For several of those participating in the work session, the often unbearable temperatures in the high school during certain times of the year — and a foul odor that sometimes lingers and sometimes overwhelms — almost seemed to be a symbol of the work that needs to be done at the high school

“If you walk into the school on a wet, sticky day, it smells like a wet dog,” Fisher said. “We have to keep all the windows open and the doors propped open just to keep it ventilated.”

Fisher said that also creates major security issues.

“We have a locked-door, secure facility, but we have doors and windows wide open to ventilate, where someone could walk right in,” he said.

Cael Ruzicka, student school board member, said that the heat in the school is not conducive to learning.

‘I walked into a science room one day and it was 85 degrees and humid, because the teacher had to open up all the windows, probably because of the smell,” Ruzicka said.

Isaiah Tilton, the other student school board member, said the conditions can be “miserable.”

“It’s hard to learn and hard to concentrate,” Tilton said. “Everyone’s sweating.”

“There’s still a prevailing thought among some generations that you don’t need air-conditioning, but human beings have changed,” Fisher said. “Our kids just aren’t used to not being in air-conditioning. It’s difficult during what should be their most productive time of their day.”

“This is a sticking point we see in communities across Iowa, because of aging facilities,” said Jerry Gallagher with Donovan Group, which conducted the survey. “One of the points we try to hammer is the fact that when we all were kids, we maybe didn’t have air conditioning. Everywhere we go today has air conditioning — malls, workplaces, John Deere tractors. Because of that, our bodies have chemically changed. Now we have adjusted to having proper heating and air, and there is data to suggest this. Teaching and learning is impacted in schools that do not have workable heating and air. It is a fact.”

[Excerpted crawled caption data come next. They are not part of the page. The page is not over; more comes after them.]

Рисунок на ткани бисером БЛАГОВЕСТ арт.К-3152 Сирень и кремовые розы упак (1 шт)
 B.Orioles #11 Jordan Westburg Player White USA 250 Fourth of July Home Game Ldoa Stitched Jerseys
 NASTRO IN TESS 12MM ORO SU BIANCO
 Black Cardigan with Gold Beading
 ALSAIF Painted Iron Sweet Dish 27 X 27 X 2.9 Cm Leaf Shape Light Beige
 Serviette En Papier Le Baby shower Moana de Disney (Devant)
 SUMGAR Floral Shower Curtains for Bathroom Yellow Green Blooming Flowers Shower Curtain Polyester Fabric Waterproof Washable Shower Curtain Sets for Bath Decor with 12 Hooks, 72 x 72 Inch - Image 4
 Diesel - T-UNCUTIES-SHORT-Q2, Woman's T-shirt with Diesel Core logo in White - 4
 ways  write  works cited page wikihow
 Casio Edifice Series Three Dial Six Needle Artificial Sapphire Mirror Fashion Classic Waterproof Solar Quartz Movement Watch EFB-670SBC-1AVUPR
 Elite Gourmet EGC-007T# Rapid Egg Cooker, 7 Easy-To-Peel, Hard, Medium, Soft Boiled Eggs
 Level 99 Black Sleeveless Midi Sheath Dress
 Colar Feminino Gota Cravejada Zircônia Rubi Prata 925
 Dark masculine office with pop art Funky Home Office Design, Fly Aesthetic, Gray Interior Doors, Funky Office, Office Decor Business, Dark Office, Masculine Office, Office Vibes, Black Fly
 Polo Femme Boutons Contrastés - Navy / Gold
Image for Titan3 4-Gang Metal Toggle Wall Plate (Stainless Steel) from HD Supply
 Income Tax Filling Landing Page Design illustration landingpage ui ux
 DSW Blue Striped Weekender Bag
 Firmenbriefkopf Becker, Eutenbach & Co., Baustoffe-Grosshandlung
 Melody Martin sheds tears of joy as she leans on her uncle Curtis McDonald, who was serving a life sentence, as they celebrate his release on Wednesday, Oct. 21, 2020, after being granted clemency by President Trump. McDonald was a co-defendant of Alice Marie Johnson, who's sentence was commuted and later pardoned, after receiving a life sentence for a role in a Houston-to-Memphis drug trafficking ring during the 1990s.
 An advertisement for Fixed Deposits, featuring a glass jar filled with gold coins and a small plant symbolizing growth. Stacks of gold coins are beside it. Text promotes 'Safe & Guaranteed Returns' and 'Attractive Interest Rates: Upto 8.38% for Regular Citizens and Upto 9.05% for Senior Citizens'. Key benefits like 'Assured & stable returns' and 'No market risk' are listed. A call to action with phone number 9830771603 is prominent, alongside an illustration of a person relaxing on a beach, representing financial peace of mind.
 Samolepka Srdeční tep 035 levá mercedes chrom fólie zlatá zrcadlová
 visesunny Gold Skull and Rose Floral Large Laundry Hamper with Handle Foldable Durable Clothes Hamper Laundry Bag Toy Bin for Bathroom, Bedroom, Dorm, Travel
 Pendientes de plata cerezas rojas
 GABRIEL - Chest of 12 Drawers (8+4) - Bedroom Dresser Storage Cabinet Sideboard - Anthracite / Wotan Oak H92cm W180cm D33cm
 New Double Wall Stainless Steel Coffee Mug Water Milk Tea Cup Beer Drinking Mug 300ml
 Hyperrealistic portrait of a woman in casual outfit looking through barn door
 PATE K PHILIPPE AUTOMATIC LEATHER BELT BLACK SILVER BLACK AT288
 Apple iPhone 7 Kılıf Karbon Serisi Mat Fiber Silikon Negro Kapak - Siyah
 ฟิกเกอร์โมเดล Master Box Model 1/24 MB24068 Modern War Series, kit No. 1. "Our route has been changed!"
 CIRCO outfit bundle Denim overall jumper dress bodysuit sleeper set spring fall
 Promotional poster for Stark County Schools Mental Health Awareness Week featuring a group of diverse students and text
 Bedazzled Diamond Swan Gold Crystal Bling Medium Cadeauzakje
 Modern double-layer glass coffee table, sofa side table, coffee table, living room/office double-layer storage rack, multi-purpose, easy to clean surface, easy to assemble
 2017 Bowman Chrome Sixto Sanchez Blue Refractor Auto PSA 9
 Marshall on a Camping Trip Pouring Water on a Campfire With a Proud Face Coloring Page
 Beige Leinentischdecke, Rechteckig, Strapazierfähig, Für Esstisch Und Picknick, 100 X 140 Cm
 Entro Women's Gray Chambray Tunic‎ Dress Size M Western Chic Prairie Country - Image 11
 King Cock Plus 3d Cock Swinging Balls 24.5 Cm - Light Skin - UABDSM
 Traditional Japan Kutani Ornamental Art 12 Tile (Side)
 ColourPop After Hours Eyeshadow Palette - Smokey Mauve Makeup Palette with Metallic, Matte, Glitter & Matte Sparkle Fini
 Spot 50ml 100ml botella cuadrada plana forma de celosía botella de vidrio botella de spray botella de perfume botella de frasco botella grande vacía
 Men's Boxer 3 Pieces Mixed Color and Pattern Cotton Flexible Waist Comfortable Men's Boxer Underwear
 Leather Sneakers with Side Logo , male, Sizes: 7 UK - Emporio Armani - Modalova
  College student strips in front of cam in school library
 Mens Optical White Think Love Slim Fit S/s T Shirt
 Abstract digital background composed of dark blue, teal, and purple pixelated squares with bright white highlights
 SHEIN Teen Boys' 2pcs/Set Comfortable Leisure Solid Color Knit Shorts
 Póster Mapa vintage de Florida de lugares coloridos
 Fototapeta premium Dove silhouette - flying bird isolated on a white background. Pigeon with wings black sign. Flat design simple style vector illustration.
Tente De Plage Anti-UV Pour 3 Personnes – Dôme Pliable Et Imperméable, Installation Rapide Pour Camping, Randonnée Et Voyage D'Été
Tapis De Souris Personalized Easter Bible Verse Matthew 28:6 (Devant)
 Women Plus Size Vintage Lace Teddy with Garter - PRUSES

Gallagher said that when he toured the school for the first time, walking from the middle school to the high school was like “night and day.”

“It was dramatic,” he said. “The smell resonated with me in a way that I have not felt in any other building that I’ve been in Iowa. It’s not just that the smell distracts for learning, it’s a matter of what that smell represents in the school that’s not right.”

Director Scott Dight said that he takes offense to people who say “it was good enough for me, it should be good enough for them.”

“Most of those people … now probably all live in houses now with central air and central heat,” Dight said. “They all have air-conditioning in their cars, because you can’t buy a car without air-conditioning anymore. If it was good enough for you to live in a house without air-conditioning then, why do you have it now that you’re in the 50s, 60s and 70s. It’s not that it was good enough, it was that you didn’t have the option then. You have the option now.”

Mitchell said the cooling and heating issues stem from issues with power conduits collapsing. He said there were constant power outages, and there were several outlets in the gym and in the 600 circle in the high school that don’t work. He said that boiler lines are coming apart, and crawl spaces under the circle are just three feet tall and sometimes full of water, so it’s difficult and sometimes dangerous to get work done.

The water has created mold issues — and likely contributes to the smell — and fans are continually running in the crawl spaces. Mitchell said that the bulk of the school’s electrical system is original — built in 1962.

“At that time, when things were built, your conduit was right in the cement,” he said. “Now the cement is collapsing in, so breakers pop and wires get pinched.”

Fisher said that the assessments from Donovan Group and Estes are just two of many perspectives when it comes to renovation of district facilities. He said he plans to get perspectives from finance, facilities, from the high school staff, from students and community engagement before he’s ready to make a recommendation to the board.

“This will inform our strategy moving forward,” Fisher said. “There are multiple strategies on how to approach asking the community for support.”